To manually build SafeGen
s, use gen :: Gen a -> SafeGen a
to construct a single value, compose product types using the Applicative
interface, and sum types using frequency
or oneof
. To run, use runSafeGen :: SafeGen a -> Gen a
. arb
is a convenient synonym for gen arbitrary
.
To derive Arbitrary
instances, you need to first derive a SafeArbitrary
instance, typically as an empty instance declaration. The FromSafeArbitrary
wrapper then provides a convenient way to derive an Arbitrary
instance from the SafeArbitrary
instance.
Design
As mentioned in the intro, a common pattern is to use Gen
's implicit size parameter to guide recursion, but this is tedious and error-prone. safe-gen
automates this by
- automatically dividing the size parameter between the branches of a product type, and
- only going down sufficiently shallow branches of a sum type.

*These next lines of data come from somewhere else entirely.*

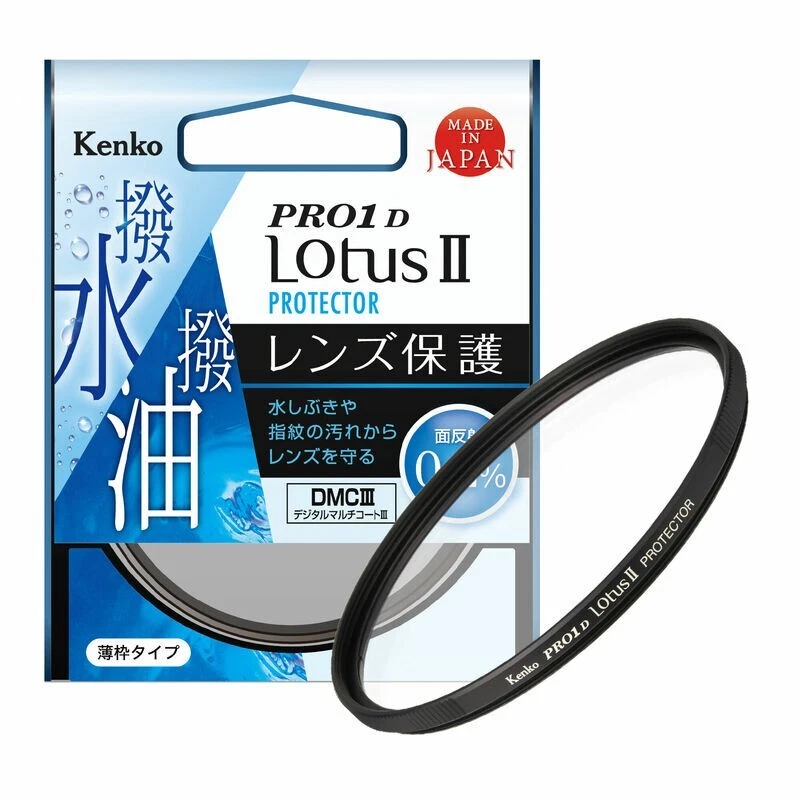 New KENKO PRO1 D LOTUS II Protector Filter 86mm Ultra Anti-Reflection PRO1D - Image 3 of 4
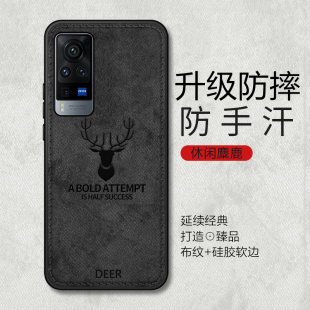 x27 套x30pro x23 x20x9新款 全包vivo防摔vivix十por女男vovox70t x21曲屏版 适用vivox70手机壳x60pro布纹x50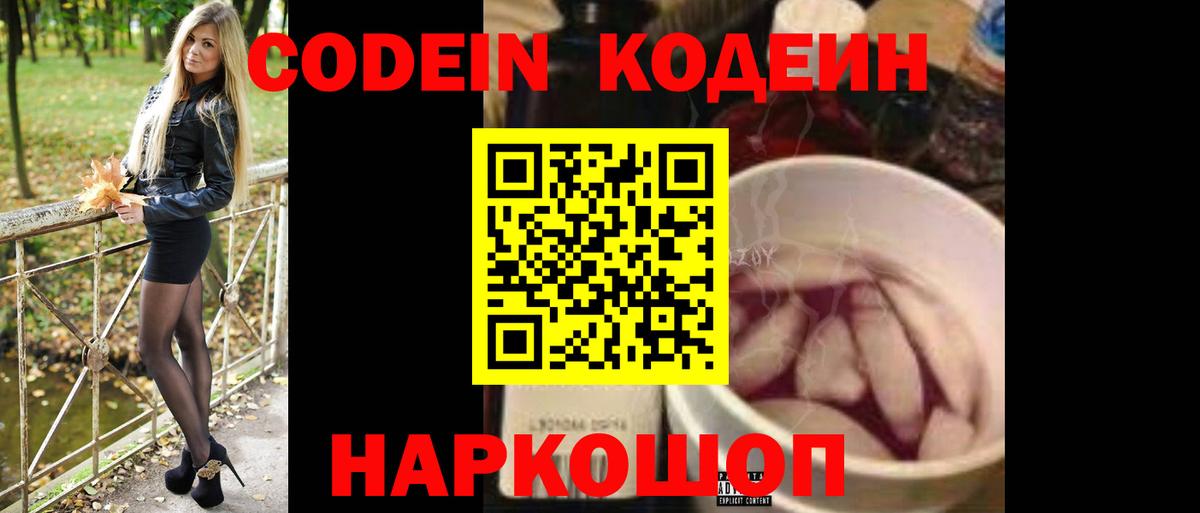Ахтубинск  Codein Purple Drank  Codein напиток Lean (лин)  Вход с VPN 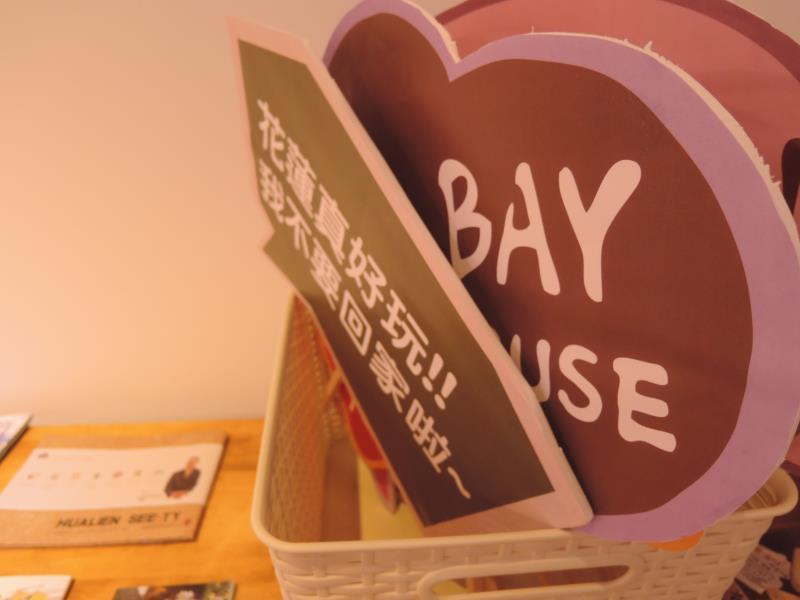 Bayhouse Comfortel Hualien Hostel מראה חיצוני תמונה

This guarantees that if your generator can terminate in finite time, safe-gen
makes sure that it does.
The inverse is not true; (despite the name) safe-gen
does not make it impossible to write bottom/unbounded/diverging Gen
values. For example, nothing prevents you from writing something like runSafeGen (let go = go in go)
, which will cause an infinite loop. In some cases, such as runSafeGen (let f = oneof [f] in f)
, safe-gen
will be able to catch the infinite recursion and throw an exception, and in some cases it will give you a lazy infinite generator, but in general, (and unlike generic-arbitrary
, about which more below), these issues are left undefined and outside the scope of the library.
Implementation details
A SafeGen
value is a lazy, potentially infinite n-ary tree, whose branches are product or sum types, and leaves are Gen
values.
For every node in the tree, we define a shallowness value, or minimum depth, which is the smallest number of child nodes to traverse to find a leaf. More precisely, for sum types the shallowness is one plus the shallowness of its shallowest child, for product types it is one plus the shallowness of its least shallow child, and for leaves it is zero. Since trees are potentially infinite, we take care to calculate this value lazily as a Peano number.

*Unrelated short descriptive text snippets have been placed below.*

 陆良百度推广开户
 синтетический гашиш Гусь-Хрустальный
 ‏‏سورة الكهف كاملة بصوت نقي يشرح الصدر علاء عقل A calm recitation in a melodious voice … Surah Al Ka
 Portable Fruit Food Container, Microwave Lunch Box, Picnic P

When we "run" this tree, i.e. go from SafeGen
to Gen
, we start by asking for Gen
's size parameter. Then, with this size parameter in hand, we traverse the tree as follows: For sum branches, we only consider children whose shallowness is at most the size parameter, or if none exist, the shallowest branch(es). For product branches, we divide the size between the number of children, and recurse.

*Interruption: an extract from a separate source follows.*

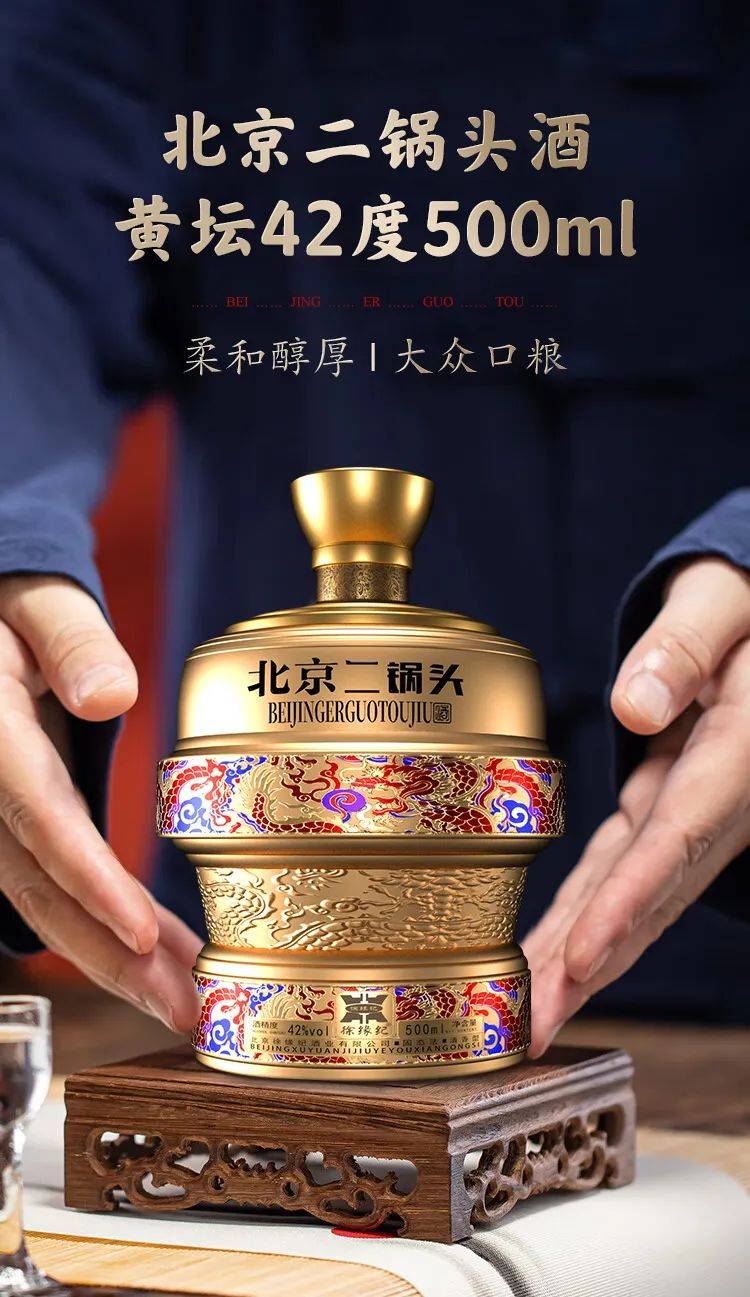 龙舞瓶间,品味古韵今风——徐缘纪北京二锅头邀您共赏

Comparison with other packages
safe-gen
exists in a similar space as generic-arbitrary
. Both make writing Arbitrary
instances less error-prone. The philosophical difference is that generic-arbitrary
does most of its heavy lifting upfront and at the type level, whereas safe-gen
works entirely at the value level.
The two benefits of generic-arbitrary
are that it can provide pretty good guarantees at compile time, and that it only requires a single derived instance. Its main drawback is that there are cases where it can't derive (useful) instances, and it won't always be able to warn you about that. Examples include when you have mutual recursion, tricky fixpoints, or invariants to maintain. safe-gen
won't be able to preclude certain known-bad generators the way generic-arbitrary
can, but on the flip side, it will allow certain valid generators that generic-arbitrary
doesn't, and it makes it easy to dive under the hood to tweak instances where necessary. The choice is yours, and the buy-in for either is generally low enough that you can't go wrong either way.
There is also less-arbitrary
. It attempts to address some of generic-arbitrary
's shortcomings by adding a heuristic based retry for generators that seem to loop and, like safe-gen
, provides a way to manually tweak generators. My main criticism is that, compared to safe-gen
, its API is complicated, and it's still pretty easy to shoot yourself in the foot and write an unbounded generator. By comparison, with safe-gen
, the naive implementation is almost always correct.